Dans des contextes inflammables, comme ces dernières semaines où les conversations politiques se sont immiscées dans la sphère professionnelle, la répartie est d’autant plus utile. Ces sujets d’actualité sont inévitables au travail, car ils constituent une partie de la vie quotidienne des travailleurs, qui sont aussi des citoyens en dehors de l’entreprise. Mais, ces sujets sont sensibles et ne doivent pas mettre en péril les relations de travail qui, elles, s’inscrivent dans le long-terme. « Si un salarié évoque ce sujet, surtout lors de temps informels, comme la pause café ou le déjeuner, c’est qu’il est préoccupé par ce sujet, qu’il a peut-être une crainte émotionnelle, qu’il a besoin d’en parler«.

Aussi, l’une des solutions pour aborder ces sujets politiques – ainsi que tous ceux considérés comme « tabous » au travail – sans se mettre en danger quant à ses opinions personnelles, c’est « de faire parler l’autre pour connaître son positionnement ; de voir si on est d’accord ou pas d’accord ; de répondre à la question par une autre question ; de recourir à une phrase générale qui ne dit rien sur son ressenti profond ; ou de s’effacer derrière le groupe si cette conversation a lieu avec plusieurs personnes«.
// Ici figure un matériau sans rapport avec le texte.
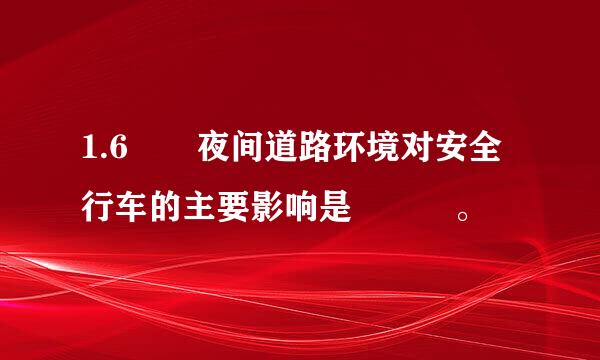 1.6  夜间道路环境对安全行车的主要影响是   。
4. Convaincre de la pertinence d’un projet

Enfin, lorsqu’il s’agit en tant que salarié de défendre une idée, un projet qui tient à cœur devant ses collègues et/ou ses supérieurs hiérarchiques, « le niveau de stress peut être élevé, car l’enjeu est important«. Aussi, si des objections sont formulées, « l’important n’est pas d’apporter les réponses les plus solides intellectuellement, mais les plus impactantes émotionnellement sur la personne qu’on cherche à persuader. L’idéal est de connaître ses opinions, ses intérêts, ses sensibilités. La préparation de cette prise de parole est le nerf de la guerre, ainsi qu’un bon entraînement«, tout en admettant que ce n’est pas toujours possible de bien connaître son/ses interlocuteurs en amont.
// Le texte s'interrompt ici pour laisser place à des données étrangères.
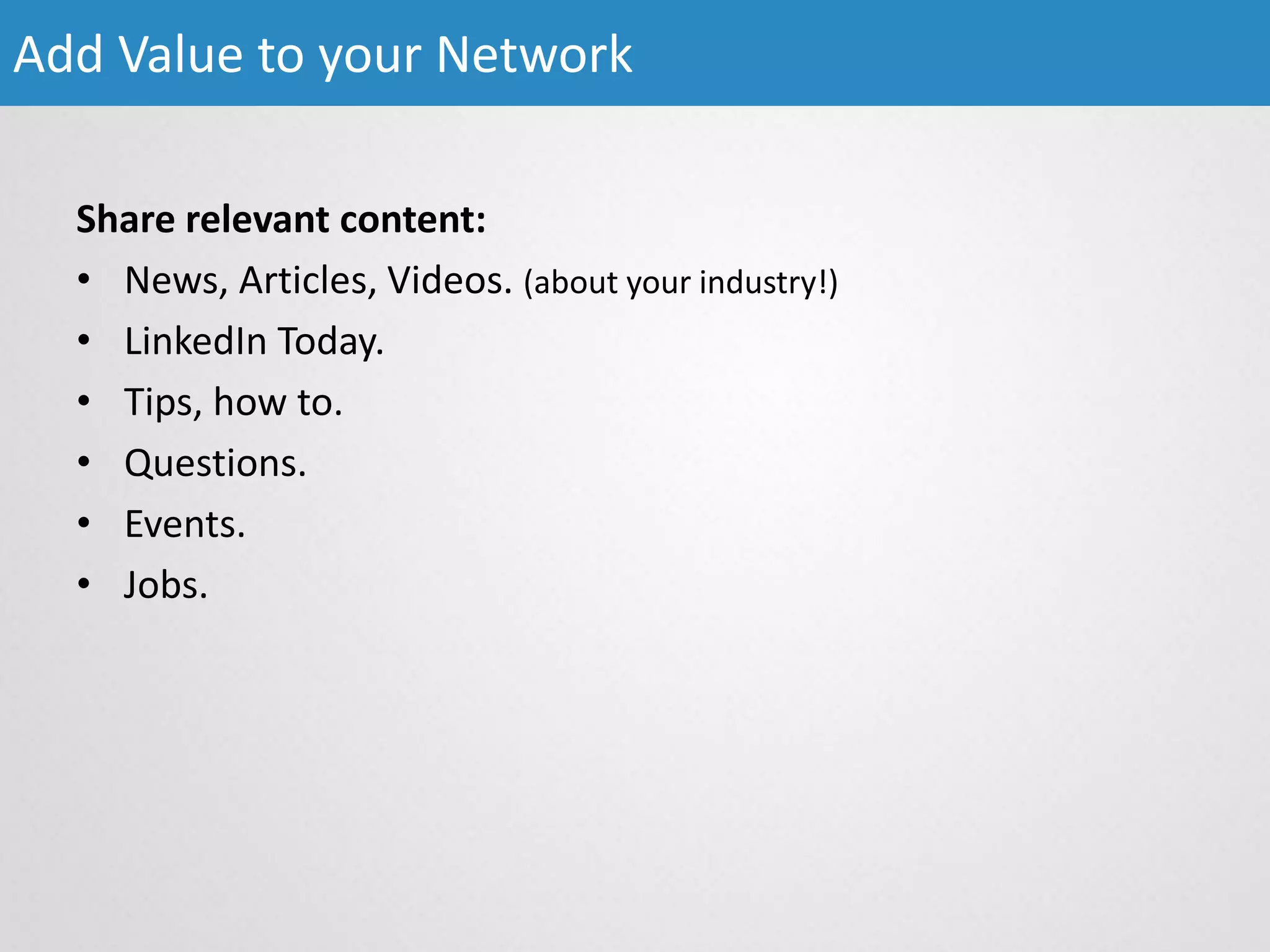Share relevant content:
• News, Articles, Videos. (about your industry!)
• LinkedIn Today.
• Tips, how to.
• Questions.
• Events.
• Jobs.
Add Value to your Network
C’est pourquoi, dans des contextes similaires, l’équipe IPRH recommande la technique argumentative AEI (Affirmation, Explication, Illustration). C’est-à-dire, formuler une réponse en une phrase, avec un élément central à retenir et un exemple. Ou encore, la technique performative EAB (Evènement, Action, Bienfait). Soit, indiquer dans une réponse en une phrase, le moment opportun pour mener une action et les résultats escomptés. « Plus la réponse sera courte, plus elle sera efficace«.